WORK ORDER
From the top of the entries below through the line containing "Spartina 449 Brown and Blue Clutch Wristlet", return every line exactly as written, please, and stop there.

DATA LISTING
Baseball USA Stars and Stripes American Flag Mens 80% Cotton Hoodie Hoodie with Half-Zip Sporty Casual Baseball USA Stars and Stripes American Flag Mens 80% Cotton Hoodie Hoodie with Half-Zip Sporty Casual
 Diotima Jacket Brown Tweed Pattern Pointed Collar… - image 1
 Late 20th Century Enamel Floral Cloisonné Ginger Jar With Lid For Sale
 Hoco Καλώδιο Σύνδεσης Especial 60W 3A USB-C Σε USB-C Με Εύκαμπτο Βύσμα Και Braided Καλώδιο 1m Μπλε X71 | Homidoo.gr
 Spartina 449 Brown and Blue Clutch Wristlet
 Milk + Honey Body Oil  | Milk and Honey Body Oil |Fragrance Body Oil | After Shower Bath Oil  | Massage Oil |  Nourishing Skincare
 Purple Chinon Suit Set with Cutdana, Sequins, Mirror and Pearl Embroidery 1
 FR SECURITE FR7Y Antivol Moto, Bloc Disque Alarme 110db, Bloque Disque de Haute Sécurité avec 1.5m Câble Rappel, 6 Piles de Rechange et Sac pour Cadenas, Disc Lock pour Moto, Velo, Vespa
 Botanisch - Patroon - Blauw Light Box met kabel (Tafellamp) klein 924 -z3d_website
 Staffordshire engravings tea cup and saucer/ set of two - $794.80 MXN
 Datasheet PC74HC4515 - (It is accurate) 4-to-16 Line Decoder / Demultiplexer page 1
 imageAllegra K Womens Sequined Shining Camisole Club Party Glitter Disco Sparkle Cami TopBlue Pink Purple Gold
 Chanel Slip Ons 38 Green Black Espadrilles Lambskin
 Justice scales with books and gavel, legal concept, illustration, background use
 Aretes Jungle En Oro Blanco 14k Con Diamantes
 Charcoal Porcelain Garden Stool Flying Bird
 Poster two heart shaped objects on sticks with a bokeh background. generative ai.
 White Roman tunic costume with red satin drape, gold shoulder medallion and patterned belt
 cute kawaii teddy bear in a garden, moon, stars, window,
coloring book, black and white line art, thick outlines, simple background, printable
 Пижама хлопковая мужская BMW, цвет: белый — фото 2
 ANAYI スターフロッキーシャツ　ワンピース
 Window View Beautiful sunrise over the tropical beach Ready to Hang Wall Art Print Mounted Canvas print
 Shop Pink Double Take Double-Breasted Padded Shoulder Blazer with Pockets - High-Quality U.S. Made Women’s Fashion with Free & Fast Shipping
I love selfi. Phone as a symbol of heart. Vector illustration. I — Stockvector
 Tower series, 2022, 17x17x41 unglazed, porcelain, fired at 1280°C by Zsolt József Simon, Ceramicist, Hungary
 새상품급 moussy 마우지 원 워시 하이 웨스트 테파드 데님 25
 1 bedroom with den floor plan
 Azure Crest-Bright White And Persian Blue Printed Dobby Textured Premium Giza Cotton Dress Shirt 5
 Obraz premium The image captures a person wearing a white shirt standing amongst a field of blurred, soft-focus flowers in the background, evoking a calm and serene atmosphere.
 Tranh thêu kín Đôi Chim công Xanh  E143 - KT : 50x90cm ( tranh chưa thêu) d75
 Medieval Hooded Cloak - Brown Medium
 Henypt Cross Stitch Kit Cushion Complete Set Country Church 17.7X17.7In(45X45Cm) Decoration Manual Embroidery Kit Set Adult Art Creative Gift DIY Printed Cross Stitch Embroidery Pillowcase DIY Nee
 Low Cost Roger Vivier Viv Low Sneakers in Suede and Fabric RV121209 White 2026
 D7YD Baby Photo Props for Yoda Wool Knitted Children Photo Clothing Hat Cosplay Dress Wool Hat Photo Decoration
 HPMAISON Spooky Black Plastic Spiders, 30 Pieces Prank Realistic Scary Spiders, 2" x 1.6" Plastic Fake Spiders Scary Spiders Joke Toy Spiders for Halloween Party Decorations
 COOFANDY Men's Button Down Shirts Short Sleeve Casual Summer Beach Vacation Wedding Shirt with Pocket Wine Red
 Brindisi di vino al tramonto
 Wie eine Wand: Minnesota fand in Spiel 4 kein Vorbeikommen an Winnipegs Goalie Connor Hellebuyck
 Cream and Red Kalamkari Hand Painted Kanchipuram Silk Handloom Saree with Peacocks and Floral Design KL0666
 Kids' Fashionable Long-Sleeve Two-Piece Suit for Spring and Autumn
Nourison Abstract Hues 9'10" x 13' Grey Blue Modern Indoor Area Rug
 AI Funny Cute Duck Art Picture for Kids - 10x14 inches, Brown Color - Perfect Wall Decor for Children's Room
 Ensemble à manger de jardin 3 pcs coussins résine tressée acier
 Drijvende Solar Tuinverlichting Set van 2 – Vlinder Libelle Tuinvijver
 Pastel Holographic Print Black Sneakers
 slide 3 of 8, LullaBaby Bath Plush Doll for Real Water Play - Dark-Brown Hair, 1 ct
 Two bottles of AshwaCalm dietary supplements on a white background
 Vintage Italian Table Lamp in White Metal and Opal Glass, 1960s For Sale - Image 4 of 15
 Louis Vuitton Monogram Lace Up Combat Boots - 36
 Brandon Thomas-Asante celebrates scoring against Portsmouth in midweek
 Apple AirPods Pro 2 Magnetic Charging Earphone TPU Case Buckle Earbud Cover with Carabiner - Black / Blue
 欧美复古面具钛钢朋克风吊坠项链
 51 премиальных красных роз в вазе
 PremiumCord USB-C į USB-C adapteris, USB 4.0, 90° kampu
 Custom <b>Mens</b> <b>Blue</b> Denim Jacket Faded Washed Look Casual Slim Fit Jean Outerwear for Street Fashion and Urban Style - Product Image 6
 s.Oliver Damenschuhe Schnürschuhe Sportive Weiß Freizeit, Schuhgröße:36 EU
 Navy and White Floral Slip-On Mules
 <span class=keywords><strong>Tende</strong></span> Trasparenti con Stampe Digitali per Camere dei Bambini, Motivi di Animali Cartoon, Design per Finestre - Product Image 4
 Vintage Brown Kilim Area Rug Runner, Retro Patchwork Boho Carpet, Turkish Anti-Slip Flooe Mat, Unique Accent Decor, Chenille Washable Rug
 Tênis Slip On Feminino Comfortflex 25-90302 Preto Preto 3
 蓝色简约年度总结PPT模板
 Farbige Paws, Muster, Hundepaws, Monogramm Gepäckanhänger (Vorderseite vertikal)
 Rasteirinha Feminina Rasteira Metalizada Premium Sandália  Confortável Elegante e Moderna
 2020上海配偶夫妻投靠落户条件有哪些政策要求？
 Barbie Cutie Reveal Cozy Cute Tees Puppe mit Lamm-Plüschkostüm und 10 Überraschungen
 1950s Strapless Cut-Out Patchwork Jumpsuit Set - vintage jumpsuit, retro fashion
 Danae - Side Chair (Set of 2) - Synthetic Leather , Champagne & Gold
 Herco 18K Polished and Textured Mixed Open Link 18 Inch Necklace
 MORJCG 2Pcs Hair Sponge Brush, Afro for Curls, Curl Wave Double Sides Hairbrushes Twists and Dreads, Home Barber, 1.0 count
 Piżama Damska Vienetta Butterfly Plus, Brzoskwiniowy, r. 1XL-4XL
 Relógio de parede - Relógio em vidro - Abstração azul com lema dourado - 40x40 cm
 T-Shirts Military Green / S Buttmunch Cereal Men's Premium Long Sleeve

OUTPUT
Baseball USA Stars and Stripes American Flag Mens 80% Cotton Hoodie Hoodie with Half-Zip Sporty Casual Baseball USA Stars and Stripes American Flag Mens 80% Cotton Hoodie Hoodie with Half-Zip Sporty Casual
 Diotima Jacket Brown Tweed Pattern Pointed Collar… - image 1
 Late 20th Century Enamel Floral Cloisonné Ginger Jar With Lid For Sale
 Hoco Καλώδιο Σύνδεσης Especial 60W 3A USB-C Σε USB-C Με Εύκαμπτο Βύσμα Και Braided Καλώδιο 1m Μπλε X71 | Homidoo.gr
 Spartina 449 Brown and Blue Clutch Wristlet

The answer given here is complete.